• [WHAT YOU NEED TO DO] Retype, word for word, every line of the records below starting at the one that contains "Griner quer 12" and ending at the one that contains "Installazione semplice Controllo"; include both of those lines and nothing more.

Start of THE RECORDS

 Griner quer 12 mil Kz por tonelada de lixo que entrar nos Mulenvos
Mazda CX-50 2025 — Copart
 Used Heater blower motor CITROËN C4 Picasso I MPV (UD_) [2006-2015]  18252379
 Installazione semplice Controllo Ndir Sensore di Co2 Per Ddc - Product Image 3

End of THE RECORDS
Start of THE RECORDS

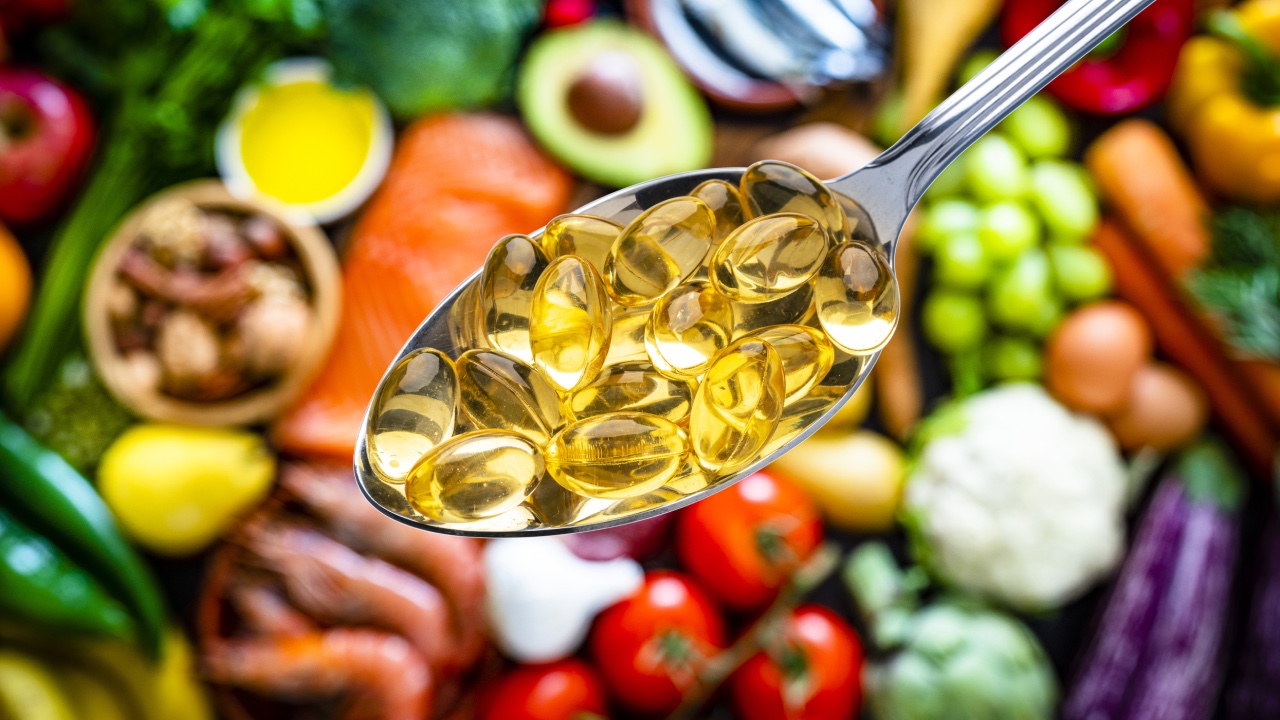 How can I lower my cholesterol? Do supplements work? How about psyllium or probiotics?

End of THE RECORDS

• [ANSWER TO THIS TASK]
 Griner quer 12 mil Kz por tonelada de lixo que entrar nos Mulenvos
Mazda CX-50 2025 — Copart
 Used Heater blower motor CITROËN C4 Picasso I MPV (UD_) [2006-2015]  18252379
 Installazione semplice Controllo Ndir Sensore di Co2 Per Ddc - Product Image 3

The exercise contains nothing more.